**DATASET RECORDS**

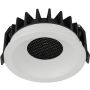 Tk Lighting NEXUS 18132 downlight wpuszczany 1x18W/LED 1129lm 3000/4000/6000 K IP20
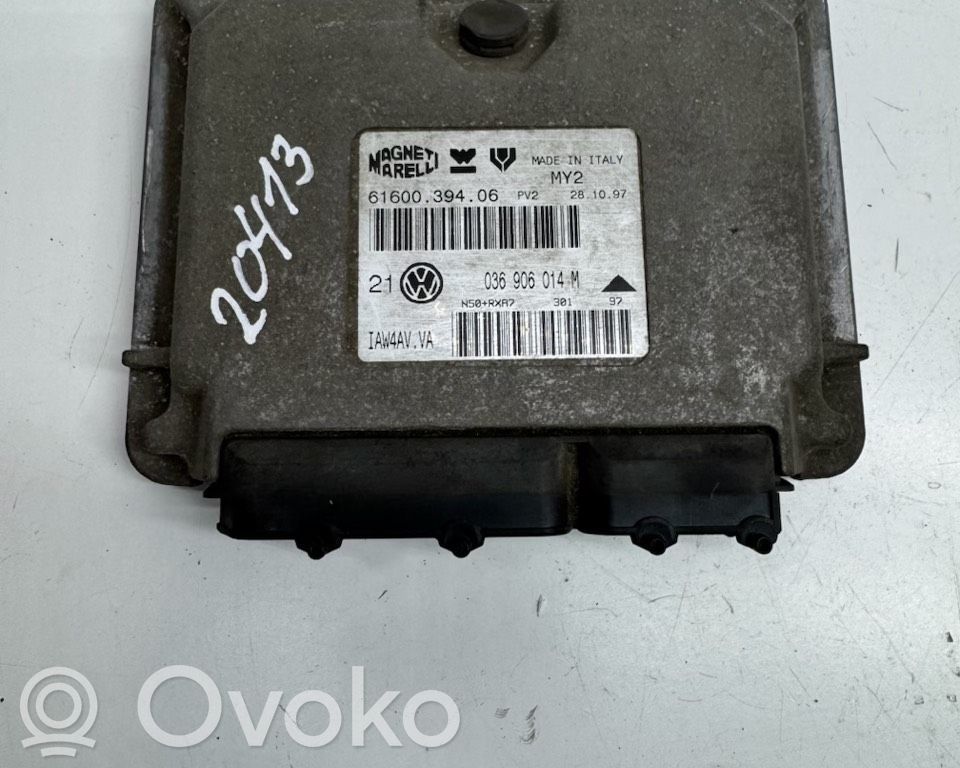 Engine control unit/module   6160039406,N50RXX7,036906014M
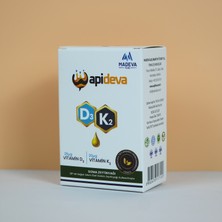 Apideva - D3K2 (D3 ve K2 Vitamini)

==

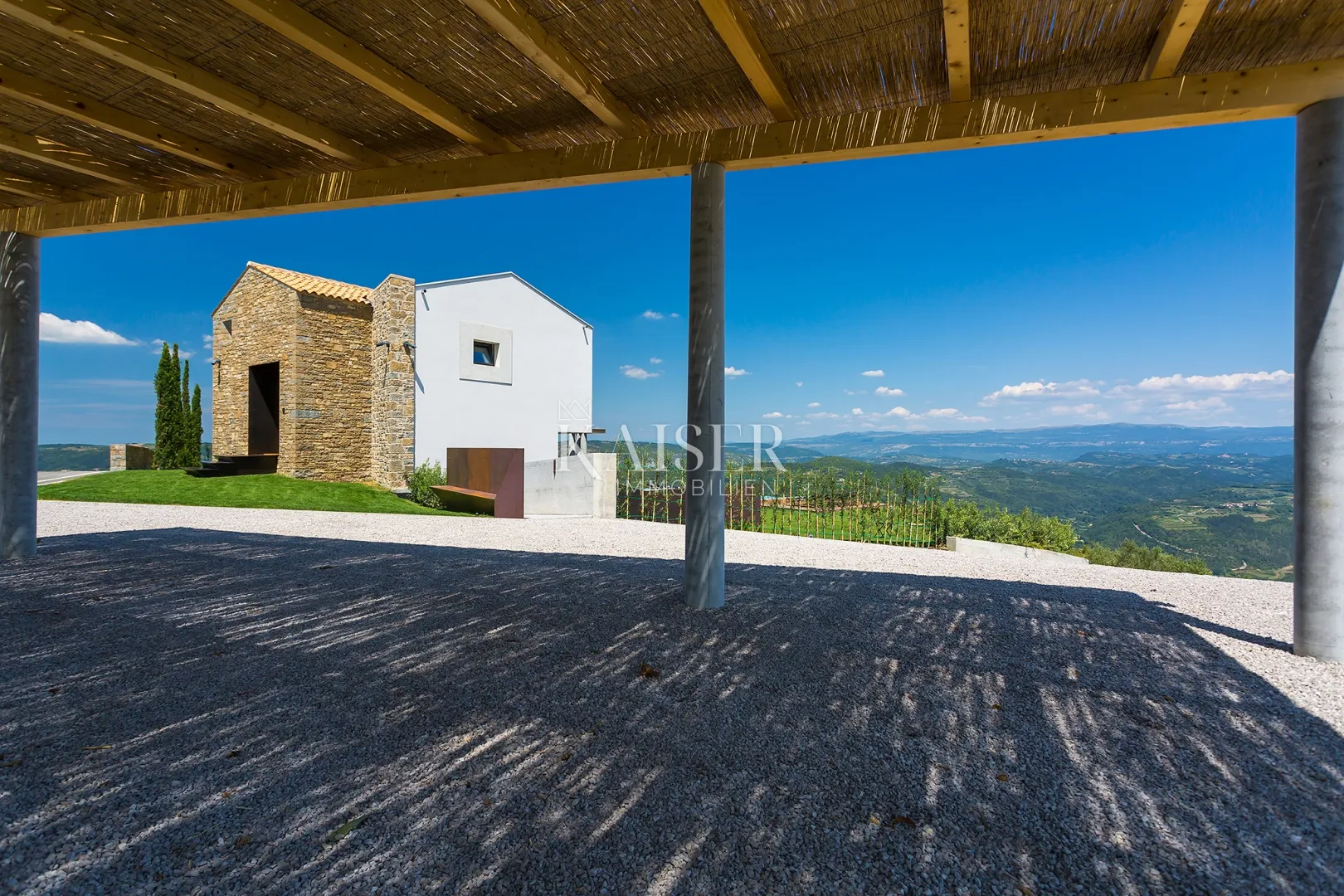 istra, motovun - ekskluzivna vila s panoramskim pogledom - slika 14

**THE TASK**
Beginning at the line above that contains "Engine control unit/module" and going on through the line that contains "Apideva - D3K2 (D3 ve K2 Vitamini)", please copy every line exactly, leaving the pictures out and adding nothing.

**TASK RESULT**
 Engine control unit/module   6160039406,N50RXX7,036906014M
 Apideva - D3K2 (D3 ve K2 Vitamini)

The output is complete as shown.